In paper I, we screened a library of dopaminergic ligands for their ability to stimulate or to inhibit glioblastoma cell growth and survival. We identified the dopamine receptor 2 antagonist, trifluoperazine, as an inhibitor of glioblastoma growth. We also showed that susceptibility to trifluoperazine correlates with the dopamine receptor expression profile of the investigated glioblastoma cell lines. We concluded that dopamine receptor signalling pathways are promising targets for pharmacological interventions to inhibit glioblastoma growth.
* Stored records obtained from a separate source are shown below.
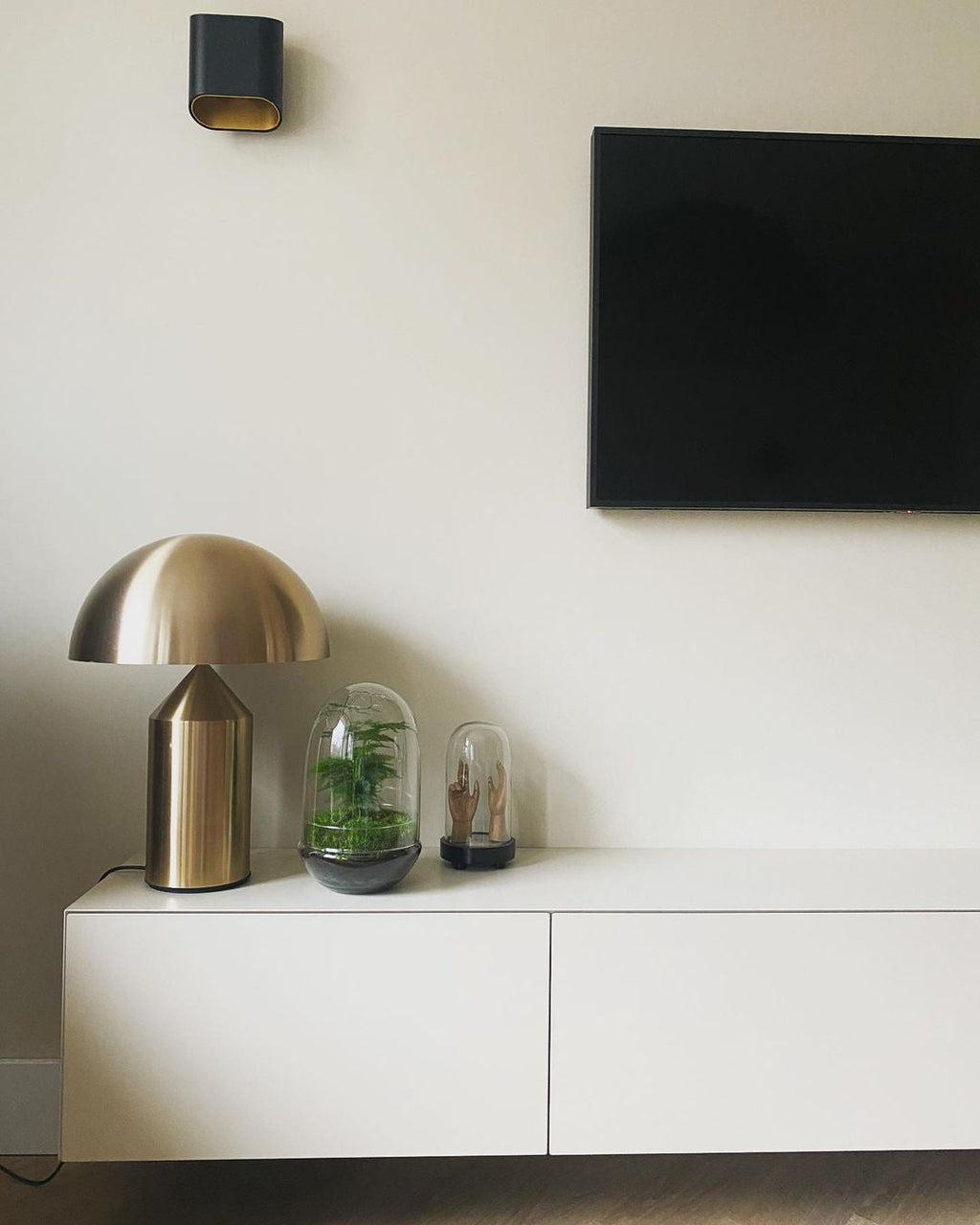 Metal Table Lamp with Adjustable Shade for Living Room, Bedroom & Office Use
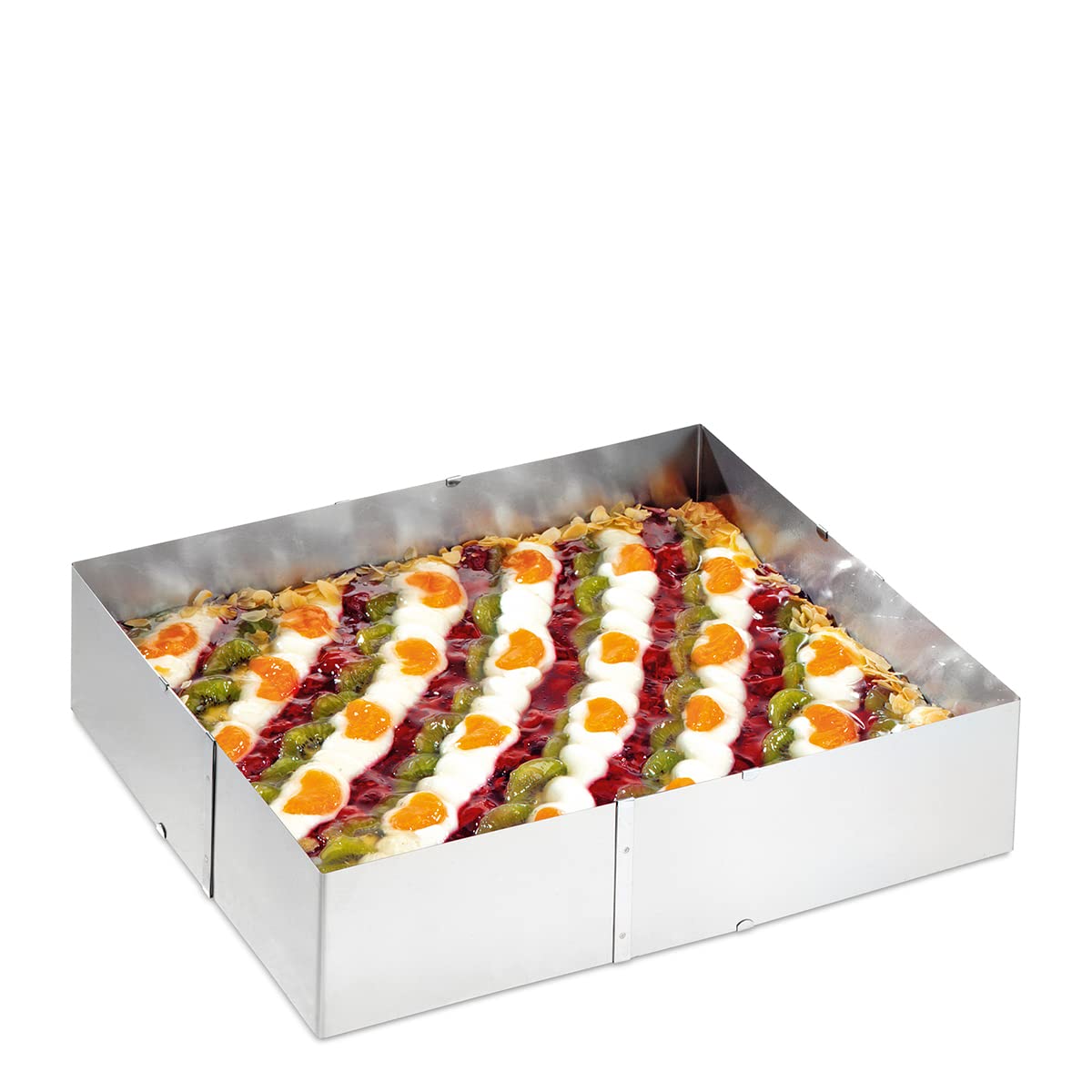 gefu-cadre-g-teau-extensible-uno-acier-inoxydable-20-x-24-cm-38-x-46-cm-hauteur- image 2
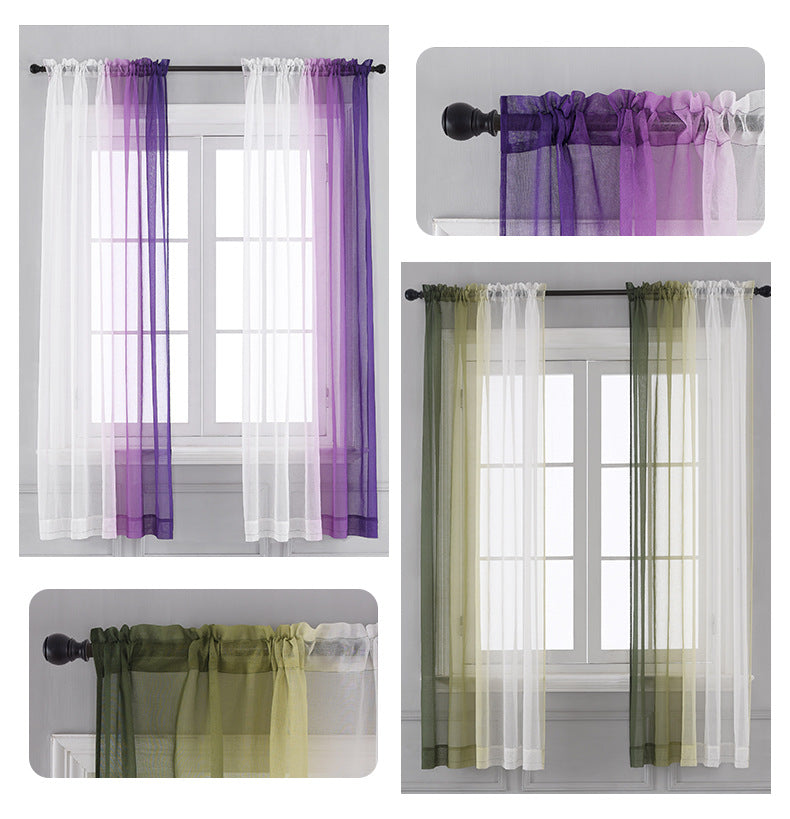 Farbverlauf-Vorhang Leinen-Optik – Bild 5 | LuxeStyle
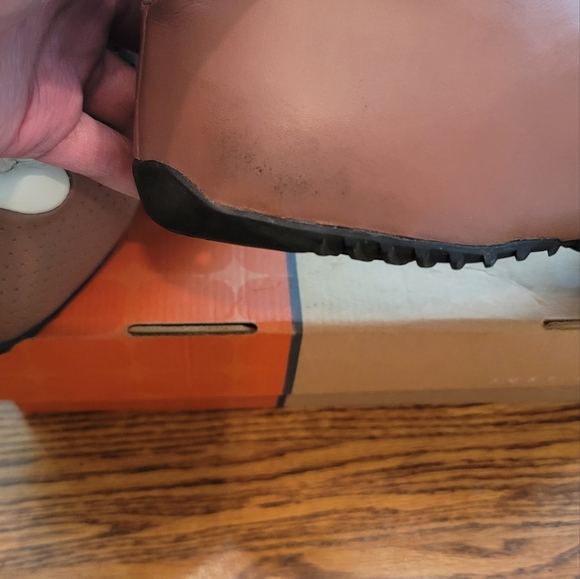 Nike Air Hyper Flight Brown Black Leather Sneakers Gym Kicks Shoes 13 - Picture 9 of 13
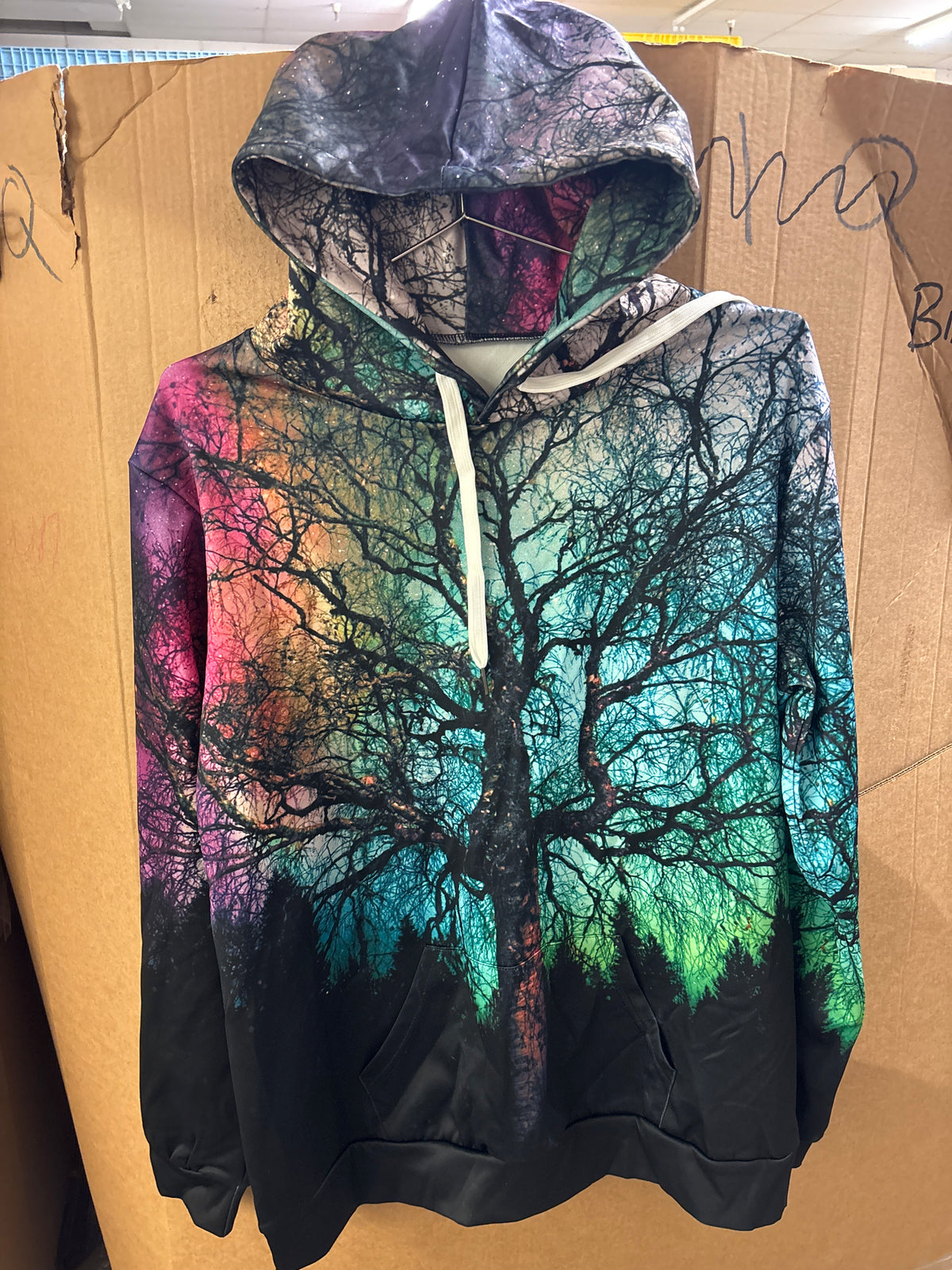 Colorful tree hoodie (L/XL)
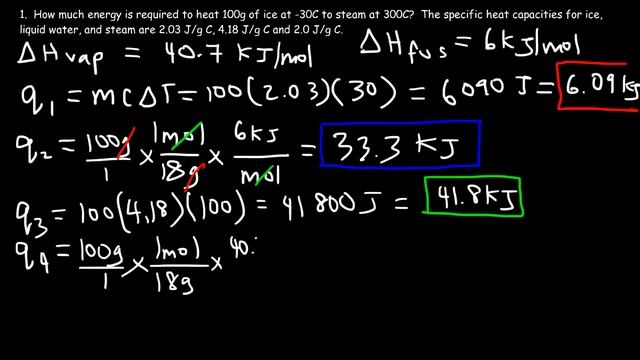 How Much Thermal Energy Is Required To Heat Ice Into Steam - Heating Curve Chemistry Problems смотреть онлайн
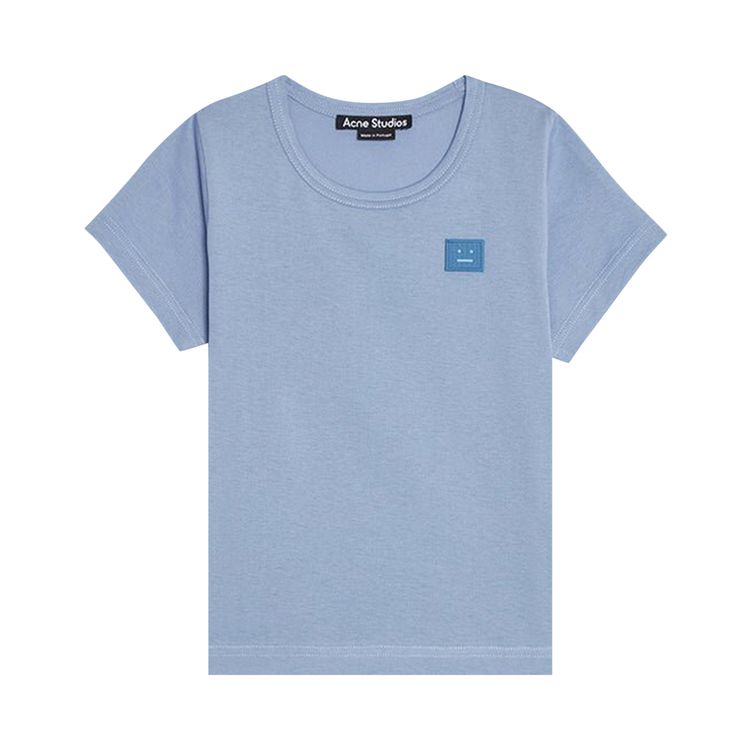Acne Studios Kids Nash Smiling Face T-Shirt in White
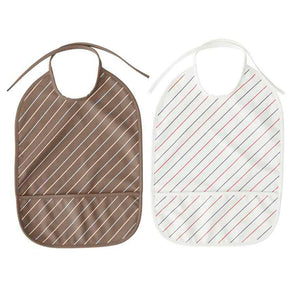 OYOY Striped Bib Mellow/Choko Striped 2 pack| Children of the Wild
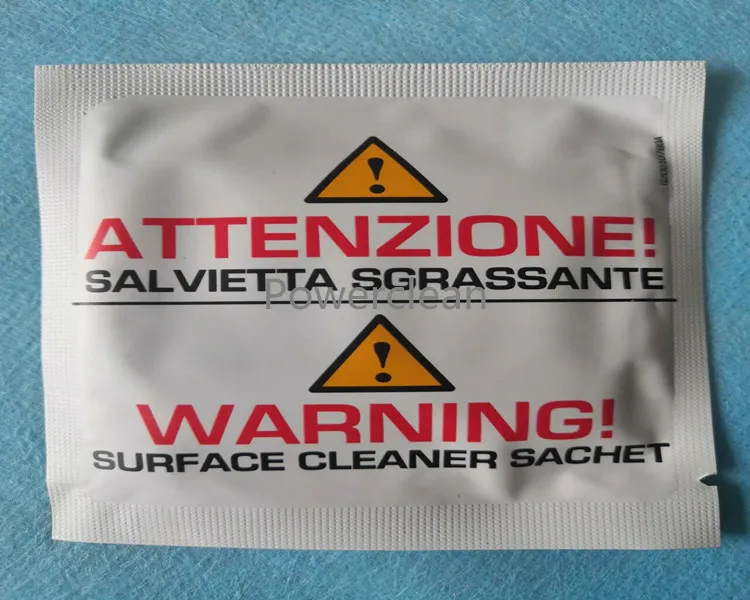 Optical Fiber Surface Cable Cleaning Disinfecting Wet Wipes Sachet for Industrial Field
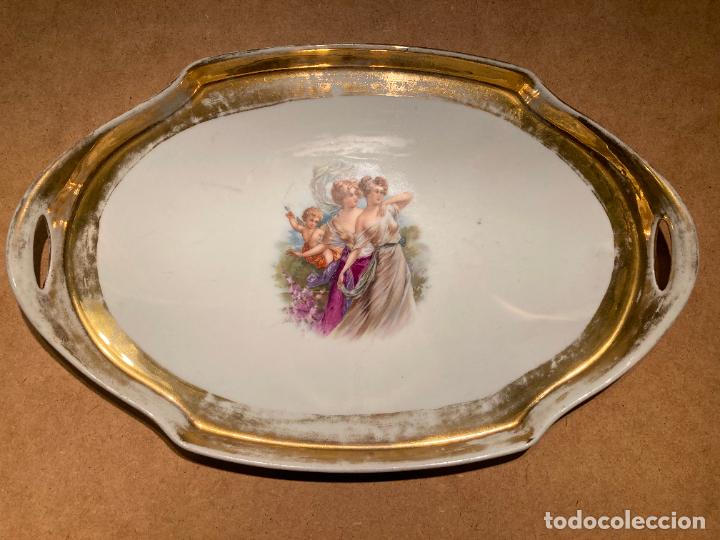 Antig&uuml;edades: Bandeja de porcelana de Berl&iacute;n - Foto 1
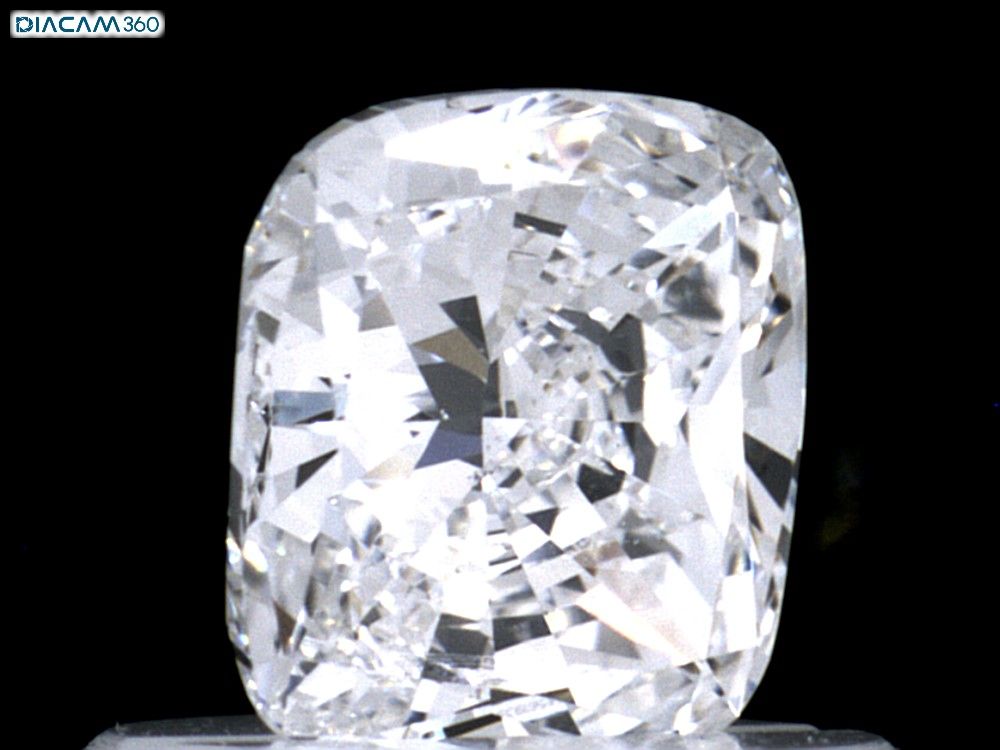Diamond Natural 0,5Ct E-VS2 Cushion - GIA7456193940 1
In paper II, we characterized the cellular basis of brain development and stereotyped behaviour in two regeneration model salamander species. These data provide insight into the maturation of neural stem cells that are found in the adult salamander brain. Furthermore, we showed how lesioning of the dopaminergic innervation affects neurogenesis in the forebrain and behavioural performance. This study provides a new evolutionary perspective on the genesis and dynamics of brain cells in the salamander brain, including dopaminergic cells.

In paper III, we developed a tissue clearing method, CUBICe, to extend our study of dopaminergic neurite outgrowth during development as well as regeneration. We demonstrated that CUBICe is compatible for high resolution imaging of whole salamander brains. It is also a faster and more robust method, which allows to maintain a better sample integrity of embryonic brains in general, compared to Advanced CUBIC and Advanced CLARITY. In addition, using CUBICe we achieved tracing of genetically marked cells with neurite outgrowth of over 3600 µm. Ultimately, we showed that our method is ideal for tracing genetically marked dopaminergic cells in the salamander brain and for quantifying dopaminergic neurite density and regeneration in whole brain regions.

In summary, this thesis provides insight into the versatile role of dopamine in both normal and pathological conditions of the vertebrate brain, as well as offers innovative tools for studying the regeneration of the dopaminergic system.